Manhood traditionally has been something that had to be earned, to be won. Do we still believe that certain pivotal events, experiences and social rituals are necessary to turn a boy into a man? For an average man to become an extraordinary one, must he undertake an additional quest, in the spirit of Joseph Campbell’s “heroic journey” to achieve a mature realization of his powers?

Your answers told us that average men are still defined by the traditional rites of the warrior–initiation into manhood through the ordeal of circumcision, getting a gun, going to war and achieving mastery over women.

A step up the scale, good men are practitioners of what might be called the householder’s virtues. They have successfully completed the tasks of becoming sexually active, moving away from home, getting married, fathering a child, supporting a family, forming friendships with other men and becoming active in community affairs. Very good men do more; they dare to defy authority, to undertake an adventure. Also at that level is having found a life’s work and achieving spiritual grace.

At the top of the scale you clearly recognize a kind of ideal that is heroic and spiritual but not specifically religious. The two experiences you rank highest as characterizing the passage of the ideal man are developing wisdom and becoming compassionate–exactly the virtues held in highest regard in Buddhism, Christianity and Judaism. You also agree that the ideal man must have established his own values, be aware of his shortcomings, become a mentor for the young and face death with dignity. And you add a contemporary virtue: He must enjoy equality with women.

The Me-and-Mine Generation

At this point the portrait you paint begins to take on a distinctly modern hue–not exactly narcissistic, but definitely introspective and apolitical.

Your responses suggest that while the ideal man does not belong to the “me” generation, he might be said to belong to the “me-and-mine” generation. Self exploration and personal growth are where he’s most likely to find his primary sense of meaning, as we saw earlier, but family ranks second, well above helping others.

Being a good husband and father, in fact, is central, 75% of you noted in a section of the survey that looks at the ideal man’s feelings about family. And 62% think the ideal dad–no Willy Loman–would refuse any job that would require him to be away from his family a great deal. But you are not ready (70%) for him to become a househusband. Your ideal man is still supposed to win the bread, although he doesn’t have to strive to provide his family with a high standard of living. Yet, though you vote Jesus No. 1 on the ideal man list, only 6% believe that an ideal man might choose not to marry in order to be free to devote his all to his work.

More Like a Woman

The other traits you most often list are those that stress receptivity, feeling, willingness to accept help and sensitivity. It is not until we reach 11th place–a doer–that you begin to list qualities traditionally thought of as cornerstones of masculinity (see “What and Ideal Man Is … Most Like,”).

PHOTO : Martin Luther King Jr., an American ideal.

PHOTO : Alda: Women’s ideal.

PHOTO : George Bush: We see him variously as ideal, good and average.

PHOTO : Bill Cosby: Ideal, say women; good, say all.

Your judgments echo a popular feminist theme that one Connecticut teacher, a woman, put this way: “Most men I know seem to identify masculine traits with violence.
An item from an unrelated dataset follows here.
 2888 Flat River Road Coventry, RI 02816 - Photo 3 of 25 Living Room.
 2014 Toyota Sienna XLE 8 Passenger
Those traits that make us human are considered feminine.” Despite the widespread support for this sensitive model of the ideal, some find it less comfortable. “We have convinced men that to be men is somehow not optimal,” writes a woman from Seattle. “They should try very hard to be, well, sort of, women. But not wimps, you understand, just not quite so much the way they are. It’s a damn shame.” We seem to have reversed Henry Higgins’s famous question and now ask: Why can’t a man be more like a woman? Less than half the responses list “a commanding presence” as one of the traits of the ideal man.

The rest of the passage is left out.